[About this task]: Locate, in the data below, the line that contains "Star Ginseng Store" and the line that contains "lilsyourfav Altpins Profile Picture"; reproduce exactly those two lines and every line between them, nothing more.

Data records:
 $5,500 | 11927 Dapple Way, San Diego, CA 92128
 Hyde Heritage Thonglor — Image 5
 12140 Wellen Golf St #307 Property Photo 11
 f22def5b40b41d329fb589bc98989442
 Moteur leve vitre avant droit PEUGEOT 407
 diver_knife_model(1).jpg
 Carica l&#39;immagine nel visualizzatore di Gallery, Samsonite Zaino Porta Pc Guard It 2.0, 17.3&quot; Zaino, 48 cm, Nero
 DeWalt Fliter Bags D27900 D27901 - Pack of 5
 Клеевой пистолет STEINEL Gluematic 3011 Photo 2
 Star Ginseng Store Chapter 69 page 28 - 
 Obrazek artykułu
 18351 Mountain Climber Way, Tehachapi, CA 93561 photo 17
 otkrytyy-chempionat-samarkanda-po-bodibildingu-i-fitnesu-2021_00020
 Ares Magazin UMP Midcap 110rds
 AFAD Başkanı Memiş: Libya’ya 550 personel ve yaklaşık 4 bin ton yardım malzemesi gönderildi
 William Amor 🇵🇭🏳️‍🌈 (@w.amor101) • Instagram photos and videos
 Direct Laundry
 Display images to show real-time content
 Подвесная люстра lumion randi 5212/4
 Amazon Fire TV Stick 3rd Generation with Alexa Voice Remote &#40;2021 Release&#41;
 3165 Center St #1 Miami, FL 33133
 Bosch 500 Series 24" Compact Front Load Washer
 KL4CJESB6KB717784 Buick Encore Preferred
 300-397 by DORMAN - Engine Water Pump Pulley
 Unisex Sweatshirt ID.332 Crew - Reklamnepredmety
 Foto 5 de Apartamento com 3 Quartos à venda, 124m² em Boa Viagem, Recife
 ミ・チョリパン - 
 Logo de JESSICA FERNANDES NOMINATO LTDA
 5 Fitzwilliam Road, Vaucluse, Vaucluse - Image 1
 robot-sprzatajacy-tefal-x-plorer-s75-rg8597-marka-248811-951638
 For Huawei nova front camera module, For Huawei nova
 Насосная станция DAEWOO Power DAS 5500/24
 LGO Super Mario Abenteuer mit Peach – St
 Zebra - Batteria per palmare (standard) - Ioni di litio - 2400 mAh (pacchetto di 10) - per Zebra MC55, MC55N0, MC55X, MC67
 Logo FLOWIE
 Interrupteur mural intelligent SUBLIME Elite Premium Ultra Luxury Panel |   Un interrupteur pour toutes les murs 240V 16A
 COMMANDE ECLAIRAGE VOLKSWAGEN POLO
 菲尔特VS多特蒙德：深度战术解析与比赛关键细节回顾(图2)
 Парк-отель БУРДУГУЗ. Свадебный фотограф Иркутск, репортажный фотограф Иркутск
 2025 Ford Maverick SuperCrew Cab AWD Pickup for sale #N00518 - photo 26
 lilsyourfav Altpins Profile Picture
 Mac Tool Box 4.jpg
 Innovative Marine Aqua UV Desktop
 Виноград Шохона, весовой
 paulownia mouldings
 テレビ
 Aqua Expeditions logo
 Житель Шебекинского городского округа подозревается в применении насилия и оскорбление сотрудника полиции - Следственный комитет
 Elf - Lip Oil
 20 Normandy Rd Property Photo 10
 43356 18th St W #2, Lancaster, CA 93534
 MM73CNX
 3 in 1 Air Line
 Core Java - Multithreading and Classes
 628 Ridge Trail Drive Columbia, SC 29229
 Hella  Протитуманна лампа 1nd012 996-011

[Output of the task]:
 Star Ginseng Store Chapter 69 page 28 - 
 Obrazek artykułu
 18351 Mountain Climber Way, Tehachapi, CA 93561 photo 17
 otkrytyy-chempionat-samarkanda-po-bodibildingu-i-fitnesu-2021_00020
 Ares Magazin UMP Midcap 110rds
 AFAD Başkanı Memiş: Libya’ya 550 personel ve yaklaşık 4 bin ton yardım malzemesi gönderildi
 William Amor 🇵🇭🏳️‍🌈 (@w.amor101) • Instagram photos and videos
 Direct Laundry
 Display images to show real-time content
 Подвесная люстра lumion randi 5212/4
 Amazon Fire TV Stick 3rd Generation with Alexa Voice Remote &#40;2021 Release&#41;
 3165 Center St #1 Miami, FL 33133
 Bosch 500 Series 24" Compact Front Load Washer
 KL4CJESB6KB717784 Buick Encore Preferred
 300-397 by DORMAN - Engine Water Pump Pulley
 Unisex Sweatshirt ID.332 Crew - Reklamnepredmety
 Foto 5 de Apartamento com 3 Quartos à venda, 124m² em Boa Viagem, Recife
 ミ・チョリパン - 
 Logo de JESSICA FERNANDES NOMINATO LTDA
 5 Fitzwilliam Road, Vaucluse, Vaucluse - Image 1
 robot-sprzatajacy-tefal-x-plorer-s75-rg8597-marka-248811-951638
 For Huawei nova front camera module, For Huawei nova
 Насосная станция DAEWOO Power DAS 5500/24
 LGO Super Mario Abenteuer mit Peach – St
 Zebra - Batteria per palmare (standard) - Ioni di litio - 2400 mAh (pacchetto di 10) - per Zebra MC55, MC55N0, MC55X, MC67
 Logo FLOWIE
 Interrupteur mural intelligent SUBLIME Elite Premium Ultra Luxury Panel |   Un interrupteur pour toutes les murs 240V 16A
 COMMANDE ECLAIRAGE VOLKSWAGEN POLO
 菲尔特VS多特蒙德：深度战术解析与比赛关键细节回顾(图2)
 Парк-отель БУРДУГУЗ. Свадебный фотограф Иркутск, репортажный фотограф Иркутск
 2025 Ford Maverick SuperCrew Cab AWD Pickup for sale #N00518 - photo 26
 lilsyourfav Altpins Profile Picture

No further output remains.